**Data to process**
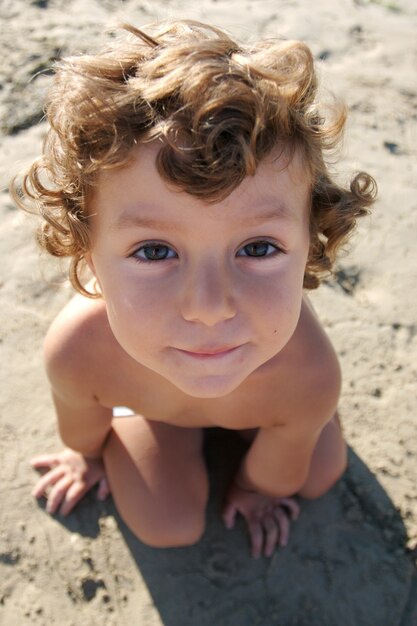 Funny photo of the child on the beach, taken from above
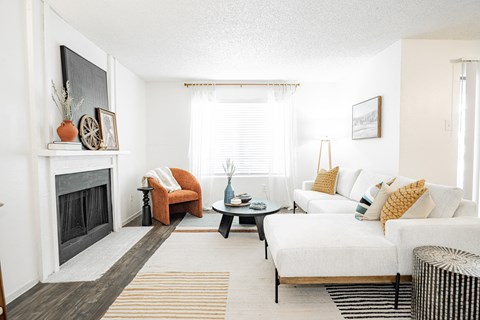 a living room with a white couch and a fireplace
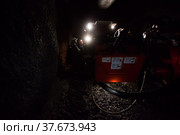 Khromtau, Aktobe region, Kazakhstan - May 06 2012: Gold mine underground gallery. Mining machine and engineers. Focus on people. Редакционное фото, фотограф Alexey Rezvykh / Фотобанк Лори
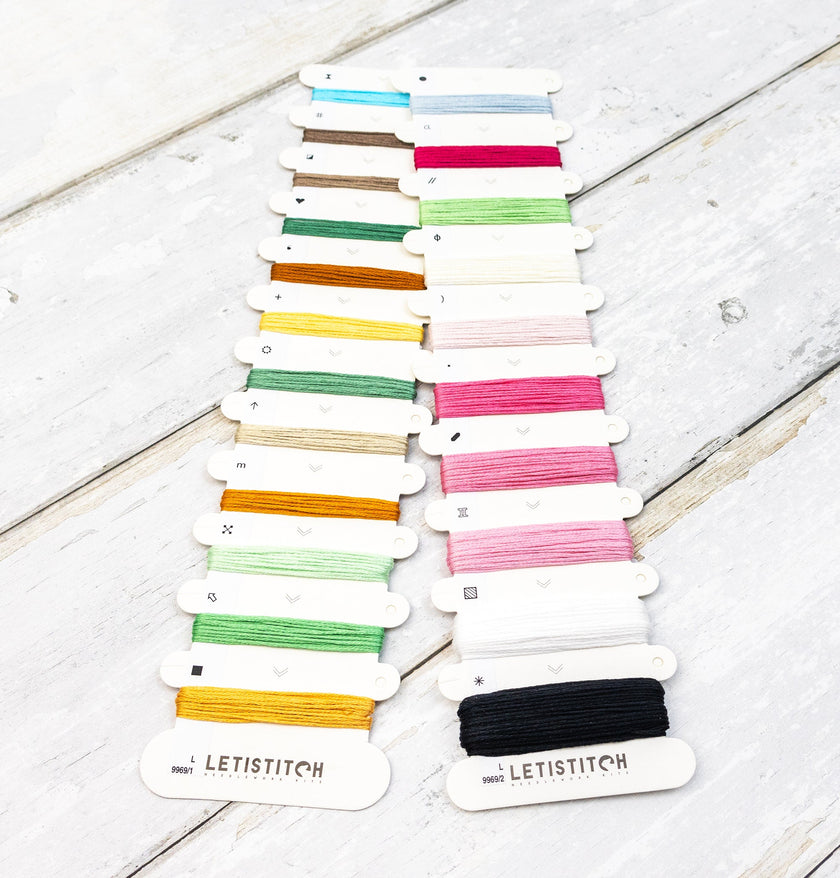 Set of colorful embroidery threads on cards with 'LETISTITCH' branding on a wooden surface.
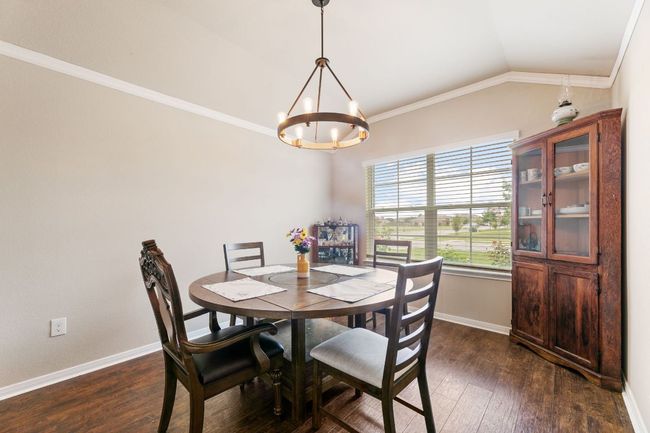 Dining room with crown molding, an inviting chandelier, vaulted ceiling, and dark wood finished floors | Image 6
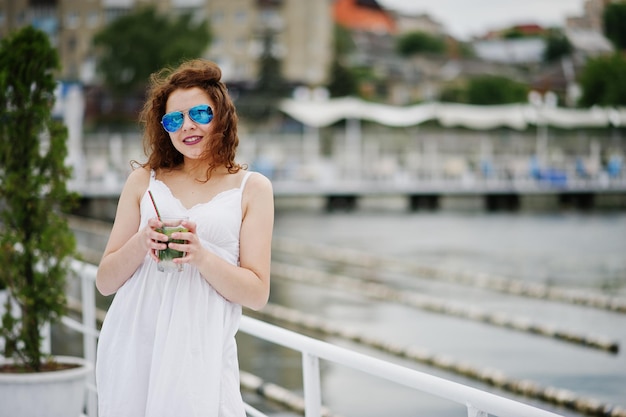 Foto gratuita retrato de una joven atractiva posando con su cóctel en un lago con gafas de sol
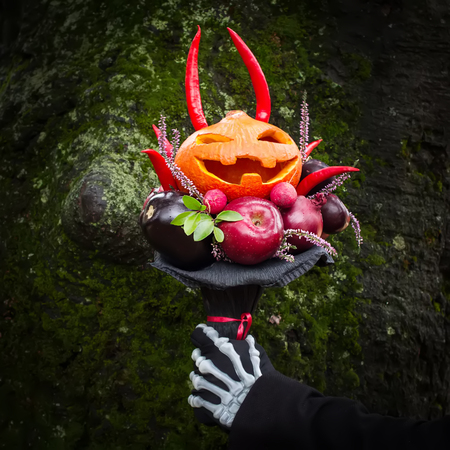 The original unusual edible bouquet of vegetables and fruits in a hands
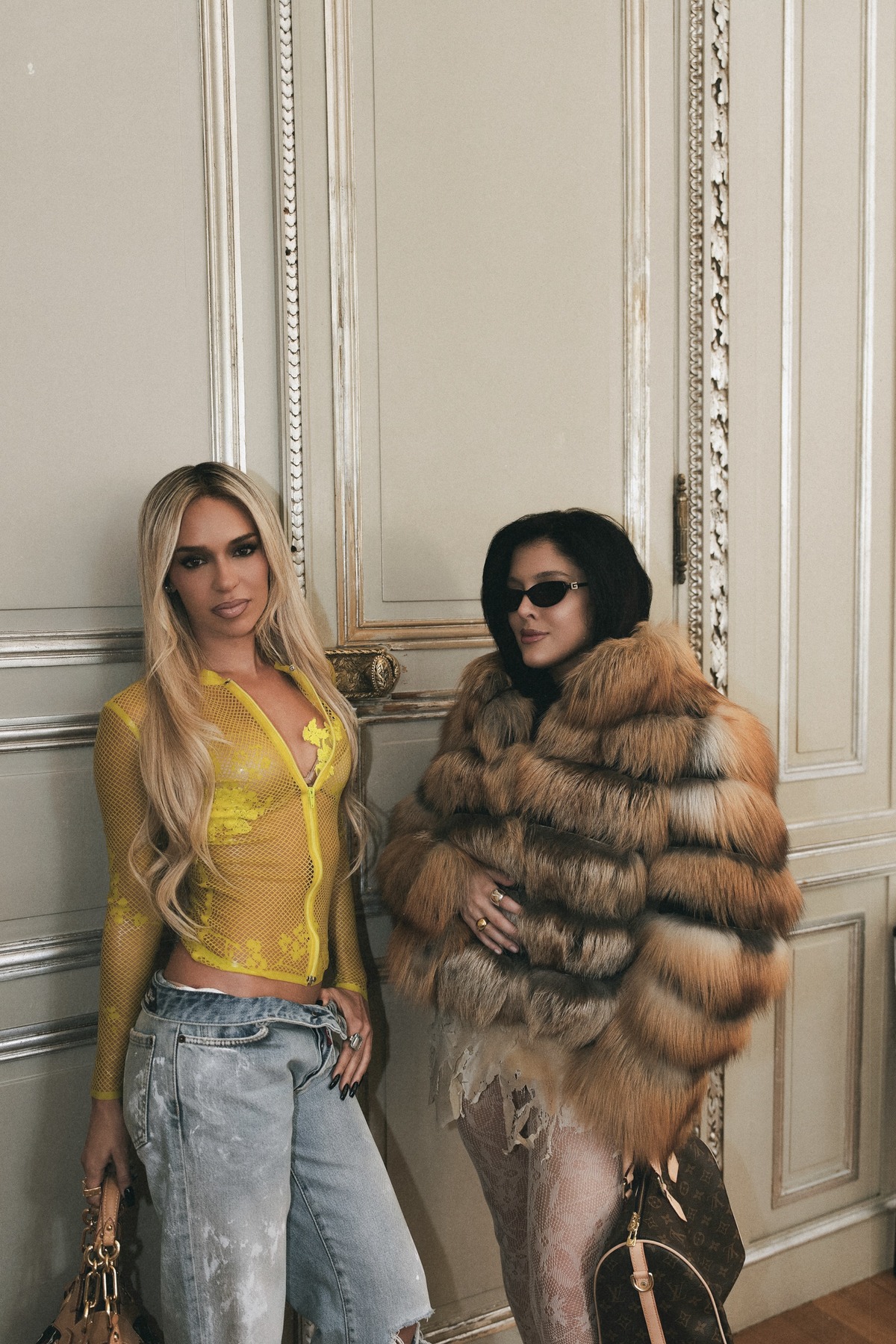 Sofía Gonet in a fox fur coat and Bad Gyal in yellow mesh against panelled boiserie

...

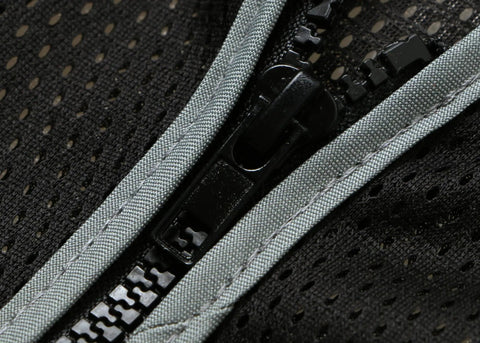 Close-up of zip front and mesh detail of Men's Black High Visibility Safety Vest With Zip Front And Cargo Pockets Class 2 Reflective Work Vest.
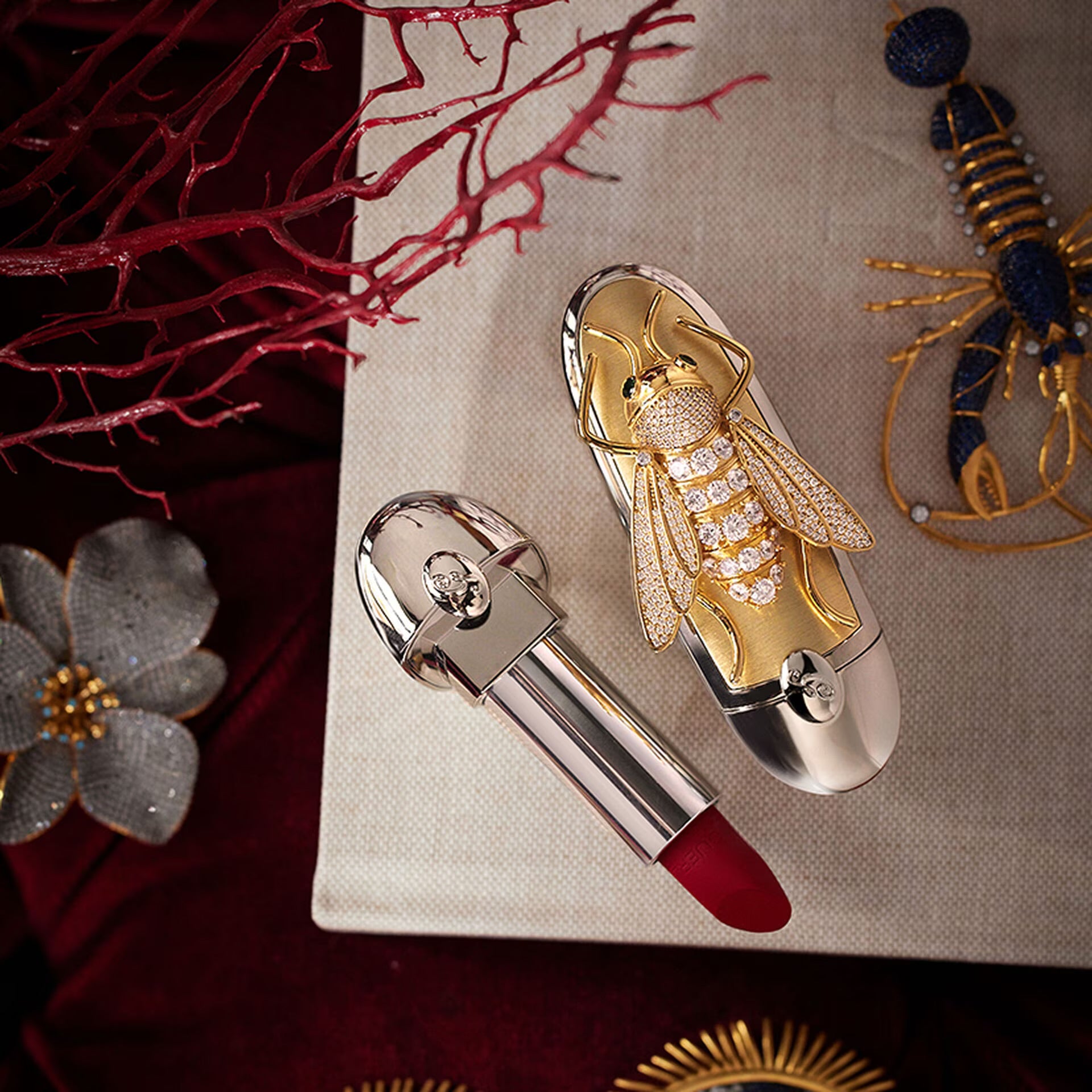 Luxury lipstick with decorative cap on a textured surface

**Problem**
Set down again, exactly, every line above from the one with "The original unusual" down to the one with "Sofía Gonet in", both ends included. No pictures, and nothing else.

**Written answer**
 The original unusual edible bouquet of vegetables and fruits in a hands
 Sofía Gonet in a fox fur coat and Bad Gyal in yellow mesh against panelled boiserie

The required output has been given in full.